What hath Athens to do with Nashville?
Part One
Of the many political treatises that have come down to us from antiquity, perhaps the most enduring and influential are the works of the Athenian philosopher, Plato. Ordinarily a student of political theory or philosophy first meets Plato in The Republic, a work that is long on lofty proposals for a model society and short on the nuts-and-bolts implementation of those proposals. That is where Plato’s other monumental work, the Laws, comes in. Written in the 4th century B.C., the Laws consists of a series of dialogues between an Athenian, presumably Plato himself, and one of his interlocutors concerning the nature of a well-formed political system that respects the gods, honors its leaders, and maximizes the social, moral and economic welfare of its citizens.

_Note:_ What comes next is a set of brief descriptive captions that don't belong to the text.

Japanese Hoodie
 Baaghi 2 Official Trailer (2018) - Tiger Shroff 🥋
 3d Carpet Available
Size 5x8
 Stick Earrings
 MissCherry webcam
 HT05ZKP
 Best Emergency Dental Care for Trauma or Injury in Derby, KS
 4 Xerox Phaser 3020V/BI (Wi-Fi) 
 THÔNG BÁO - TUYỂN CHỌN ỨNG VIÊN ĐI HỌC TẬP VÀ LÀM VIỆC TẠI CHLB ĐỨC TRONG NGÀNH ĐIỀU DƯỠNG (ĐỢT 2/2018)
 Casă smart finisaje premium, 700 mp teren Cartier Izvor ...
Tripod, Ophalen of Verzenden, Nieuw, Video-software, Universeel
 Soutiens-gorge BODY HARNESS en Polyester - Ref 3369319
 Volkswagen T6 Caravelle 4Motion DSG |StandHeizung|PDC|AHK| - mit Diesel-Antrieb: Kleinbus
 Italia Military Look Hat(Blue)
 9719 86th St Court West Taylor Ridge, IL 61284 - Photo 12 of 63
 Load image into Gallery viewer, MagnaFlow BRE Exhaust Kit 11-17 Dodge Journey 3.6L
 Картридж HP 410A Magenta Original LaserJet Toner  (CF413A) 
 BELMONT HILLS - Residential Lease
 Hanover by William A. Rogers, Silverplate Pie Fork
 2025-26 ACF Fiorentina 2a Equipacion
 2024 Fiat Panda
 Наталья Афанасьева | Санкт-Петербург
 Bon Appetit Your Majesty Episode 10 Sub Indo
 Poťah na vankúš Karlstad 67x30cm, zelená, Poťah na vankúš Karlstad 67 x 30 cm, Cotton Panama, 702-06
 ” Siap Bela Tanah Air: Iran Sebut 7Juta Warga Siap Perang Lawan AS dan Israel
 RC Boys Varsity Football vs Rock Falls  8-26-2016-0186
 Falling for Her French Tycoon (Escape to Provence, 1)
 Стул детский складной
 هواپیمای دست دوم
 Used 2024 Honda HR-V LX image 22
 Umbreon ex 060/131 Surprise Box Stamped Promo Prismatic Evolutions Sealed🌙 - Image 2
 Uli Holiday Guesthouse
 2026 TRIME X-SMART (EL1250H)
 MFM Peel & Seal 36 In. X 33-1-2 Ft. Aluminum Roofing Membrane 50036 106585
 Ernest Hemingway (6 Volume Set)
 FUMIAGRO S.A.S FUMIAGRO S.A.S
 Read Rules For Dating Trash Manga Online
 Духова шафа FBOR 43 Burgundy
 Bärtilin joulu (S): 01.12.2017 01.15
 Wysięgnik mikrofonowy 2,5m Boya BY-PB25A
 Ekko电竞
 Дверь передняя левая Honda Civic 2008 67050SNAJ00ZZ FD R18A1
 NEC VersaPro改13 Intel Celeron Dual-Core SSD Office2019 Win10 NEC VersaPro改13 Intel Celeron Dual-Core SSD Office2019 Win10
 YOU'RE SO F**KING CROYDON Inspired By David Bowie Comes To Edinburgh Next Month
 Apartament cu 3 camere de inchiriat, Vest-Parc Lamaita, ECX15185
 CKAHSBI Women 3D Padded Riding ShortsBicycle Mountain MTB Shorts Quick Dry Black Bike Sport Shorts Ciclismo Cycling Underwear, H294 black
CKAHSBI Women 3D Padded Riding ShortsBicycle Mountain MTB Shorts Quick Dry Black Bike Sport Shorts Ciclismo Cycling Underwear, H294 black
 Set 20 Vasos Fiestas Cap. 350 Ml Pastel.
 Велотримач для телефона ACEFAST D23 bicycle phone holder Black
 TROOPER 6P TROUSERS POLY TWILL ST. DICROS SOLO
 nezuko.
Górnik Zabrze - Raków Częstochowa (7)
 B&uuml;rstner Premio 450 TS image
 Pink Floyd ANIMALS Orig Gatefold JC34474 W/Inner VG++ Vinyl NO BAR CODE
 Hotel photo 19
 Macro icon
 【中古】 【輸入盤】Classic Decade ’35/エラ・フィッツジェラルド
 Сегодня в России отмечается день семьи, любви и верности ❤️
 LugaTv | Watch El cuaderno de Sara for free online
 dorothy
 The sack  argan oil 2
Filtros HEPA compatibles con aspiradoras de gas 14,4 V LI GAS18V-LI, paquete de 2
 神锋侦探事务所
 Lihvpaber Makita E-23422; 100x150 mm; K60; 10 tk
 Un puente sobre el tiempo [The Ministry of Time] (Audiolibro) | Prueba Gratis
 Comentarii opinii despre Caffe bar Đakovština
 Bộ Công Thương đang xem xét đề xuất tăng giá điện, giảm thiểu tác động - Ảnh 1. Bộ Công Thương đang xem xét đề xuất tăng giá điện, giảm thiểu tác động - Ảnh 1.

While re-reading the Laws this past week, I became acutely aware that some sage counsel from a pre-modern pagan philosopher might better inform Southern Baptists about the nature of our denomination as, for better or for worse, a political entity. Ranting that Southern Baptists are too political may make for impassioned posturing at a variety of post-denominational venues, but it does little good to change anything. Realists rather than idealists are the men who pull the oars of any organization, thus steering its course toward the ends idealists envision but lack the wherewithal to achieve. In truth, a shot of healthy realism is needed if emerging Southern Baptist leaders are going to have much impact on refocusing our Kingdom work and rebalancing our denominational structure. In this respect, Plato’s Laws is a straight-line drip of realism expedient to assist Southern Baptists in the art of generational self definition.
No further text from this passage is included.